- _Task to carry out_
Every line from the one with "Espionage - Fish Print Badeshorts (1)" through the end of the material below, both ends included, should be transcribed exactly, without pictures.

- _Input data_
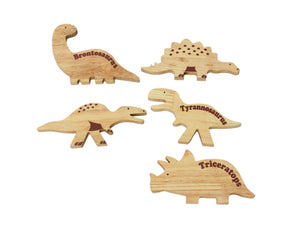 Wooden Dinosaurs - Set of 5 QToys 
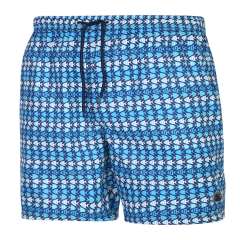 Espionage - Fish Print Badeshorts (1)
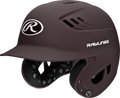 Rawlings Senior R16 1-Tone Baseball Helmet - Matte Rawlings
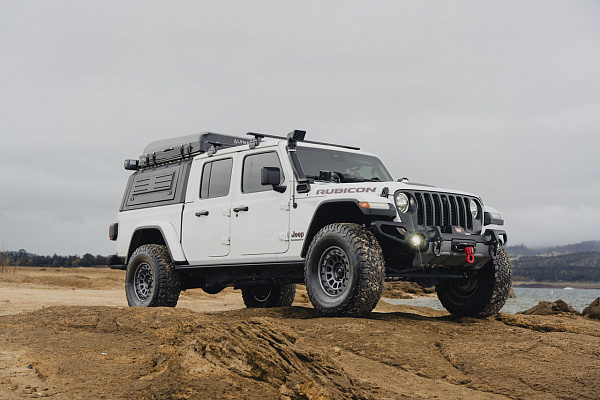 Фото дисков Black Rhino OUTBACK Матовый графит на Jeep Gladiator II (JT)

- _Exercise response_
 Espionage - Fish Print Badeshorts (1)
 Rawlings Senior R16 1-Tone Baseball Helmet - Matte Rawlings
 Фото дисков Black Rhino OUTBACK Матовый графит на Jeep Gladiator II (JT)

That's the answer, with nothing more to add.